Moving back home in your 20s isn’t as taboo as it once was.
In fact, about 40% of American millennials are shacking up with relatives these days; it can be a great opportunity to sock away savings for a costly down payment on a home or make a dent in those massive student loans.
So when your adult child decides to take over your basement or guest room post grad, don’t freak out, Beth Kobliner, a personal finance writer and mum of three, told Business Insider in a recent Facebook Live interview.
Instead, make sure you’re clear about how it’s going to work.
Here’s what Kobliner suggests you say: “This is an opportunity and we are so happy to have you back home … but we’re going to have to really make sure you’re saving that money. And the advantage of living at home is you’re not paying rent and you’re maybe not paying for food. So use it as a chance not to live beyond your means, but to live at home and save up that money so you can move out.”

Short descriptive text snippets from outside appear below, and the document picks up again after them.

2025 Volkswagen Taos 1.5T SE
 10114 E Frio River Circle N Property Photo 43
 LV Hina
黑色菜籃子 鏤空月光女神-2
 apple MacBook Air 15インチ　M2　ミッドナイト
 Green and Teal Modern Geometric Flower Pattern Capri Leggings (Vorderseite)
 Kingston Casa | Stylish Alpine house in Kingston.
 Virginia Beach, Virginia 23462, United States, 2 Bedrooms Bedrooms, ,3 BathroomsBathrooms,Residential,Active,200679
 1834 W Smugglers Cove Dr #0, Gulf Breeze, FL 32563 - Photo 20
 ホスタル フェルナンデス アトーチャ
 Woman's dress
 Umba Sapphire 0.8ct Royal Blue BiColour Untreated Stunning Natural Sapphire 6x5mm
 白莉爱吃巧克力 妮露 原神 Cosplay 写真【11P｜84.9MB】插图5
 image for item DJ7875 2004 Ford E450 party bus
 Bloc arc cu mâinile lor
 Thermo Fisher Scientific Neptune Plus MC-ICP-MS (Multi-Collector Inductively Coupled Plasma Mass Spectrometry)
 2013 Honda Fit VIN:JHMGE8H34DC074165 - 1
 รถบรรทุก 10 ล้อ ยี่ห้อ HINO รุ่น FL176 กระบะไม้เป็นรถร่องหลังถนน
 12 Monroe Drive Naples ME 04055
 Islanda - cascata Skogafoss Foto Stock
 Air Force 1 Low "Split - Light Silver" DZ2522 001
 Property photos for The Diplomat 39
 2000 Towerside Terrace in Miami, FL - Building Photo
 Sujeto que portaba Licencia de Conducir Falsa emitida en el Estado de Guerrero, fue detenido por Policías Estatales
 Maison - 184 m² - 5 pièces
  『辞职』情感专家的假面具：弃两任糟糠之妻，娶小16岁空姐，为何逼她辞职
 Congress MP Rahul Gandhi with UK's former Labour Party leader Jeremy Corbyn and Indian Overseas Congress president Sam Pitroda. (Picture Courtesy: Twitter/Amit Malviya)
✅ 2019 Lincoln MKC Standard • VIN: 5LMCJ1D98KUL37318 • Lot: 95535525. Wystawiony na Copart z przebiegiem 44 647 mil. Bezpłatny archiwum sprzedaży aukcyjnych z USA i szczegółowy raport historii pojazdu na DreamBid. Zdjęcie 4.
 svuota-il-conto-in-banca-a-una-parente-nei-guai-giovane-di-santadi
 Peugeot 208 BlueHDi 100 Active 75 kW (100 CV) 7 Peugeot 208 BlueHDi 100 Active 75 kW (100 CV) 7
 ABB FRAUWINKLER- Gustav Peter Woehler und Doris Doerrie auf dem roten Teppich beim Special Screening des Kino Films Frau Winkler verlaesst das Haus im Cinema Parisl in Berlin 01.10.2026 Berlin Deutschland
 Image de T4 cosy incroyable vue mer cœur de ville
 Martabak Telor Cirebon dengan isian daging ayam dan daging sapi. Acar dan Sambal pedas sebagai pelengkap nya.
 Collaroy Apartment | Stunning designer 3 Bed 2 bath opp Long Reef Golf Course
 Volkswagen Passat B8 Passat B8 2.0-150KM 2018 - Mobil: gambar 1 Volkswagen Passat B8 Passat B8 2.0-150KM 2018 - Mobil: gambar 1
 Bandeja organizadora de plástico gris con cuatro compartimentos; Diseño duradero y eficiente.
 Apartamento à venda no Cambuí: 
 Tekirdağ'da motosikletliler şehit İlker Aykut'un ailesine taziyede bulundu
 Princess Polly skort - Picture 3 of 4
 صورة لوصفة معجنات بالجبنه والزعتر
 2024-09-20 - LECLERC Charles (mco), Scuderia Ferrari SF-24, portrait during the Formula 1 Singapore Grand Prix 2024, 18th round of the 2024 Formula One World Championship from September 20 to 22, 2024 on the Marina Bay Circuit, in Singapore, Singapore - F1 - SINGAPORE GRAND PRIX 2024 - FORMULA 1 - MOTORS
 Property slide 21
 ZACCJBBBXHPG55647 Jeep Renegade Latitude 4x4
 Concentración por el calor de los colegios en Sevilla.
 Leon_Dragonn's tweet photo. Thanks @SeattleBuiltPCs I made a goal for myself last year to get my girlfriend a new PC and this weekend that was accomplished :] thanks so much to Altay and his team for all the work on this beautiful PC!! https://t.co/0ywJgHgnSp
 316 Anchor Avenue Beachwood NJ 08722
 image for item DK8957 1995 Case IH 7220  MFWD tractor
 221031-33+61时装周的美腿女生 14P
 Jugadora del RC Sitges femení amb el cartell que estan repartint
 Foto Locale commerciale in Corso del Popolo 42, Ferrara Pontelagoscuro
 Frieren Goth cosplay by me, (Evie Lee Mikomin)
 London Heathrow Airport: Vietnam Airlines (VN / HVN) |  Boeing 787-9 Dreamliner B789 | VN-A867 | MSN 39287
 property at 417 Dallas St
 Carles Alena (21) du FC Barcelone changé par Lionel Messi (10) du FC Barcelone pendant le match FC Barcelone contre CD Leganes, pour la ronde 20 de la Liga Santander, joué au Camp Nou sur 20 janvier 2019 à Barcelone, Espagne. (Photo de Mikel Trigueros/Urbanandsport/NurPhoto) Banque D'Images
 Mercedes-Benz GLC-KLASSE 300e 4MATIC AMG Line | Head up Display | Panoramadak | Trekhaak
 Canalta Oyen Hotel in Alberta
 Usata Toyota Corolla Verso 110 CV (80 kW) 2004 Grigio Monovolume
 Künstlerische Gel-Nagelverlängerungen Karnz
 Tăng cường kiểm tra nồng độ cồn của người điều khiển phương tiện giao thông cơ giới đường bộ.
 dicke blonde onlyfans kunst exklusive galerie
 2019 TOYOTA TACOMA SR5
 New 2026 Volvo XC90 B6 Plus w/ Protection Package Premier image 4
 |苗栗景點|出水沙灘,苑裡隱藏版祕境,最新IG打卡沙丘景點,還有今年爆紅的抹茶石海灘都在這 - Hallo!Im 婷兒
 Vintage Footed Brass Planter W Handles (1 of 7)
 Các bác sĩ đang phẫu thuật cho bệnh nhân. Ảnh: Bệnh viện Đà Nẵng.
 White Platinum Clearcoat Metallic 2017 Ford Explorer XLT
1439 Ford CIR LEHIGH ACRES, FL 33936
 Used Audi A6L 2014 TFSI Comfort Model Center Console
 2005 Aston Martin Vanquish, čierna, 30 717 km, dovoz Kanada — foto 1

The next step is encouraging them to set specific and viable goals for saving — like how much they will want to have saved to move out in one year — so they don’t get caught up in the comforts of home.
“I think the talking part is really important because I know so many parents … where kids are coming home and they’re like, ‘My kid is lying on the couch watching “Law and Order” reruns and I want him to get out and get a job.’ So I think talking about expectations is really important,” said Kobliner, whose new book, “Make Your Kid a Money Genius (Even If You’re Not): A Parents’ Guide for Kids 3 to 23,” offers tips for helping your kid get financially established in young adulthood.
One strategy to help them save while they’re under your roof, explained by U.S. News, is to charge rent, even if it’s just $US150 a month (a fraction of what they’d be shelling out for an apartment of their own). Collect that money and build up a nest egg in their name that they can get their hands on once they move out.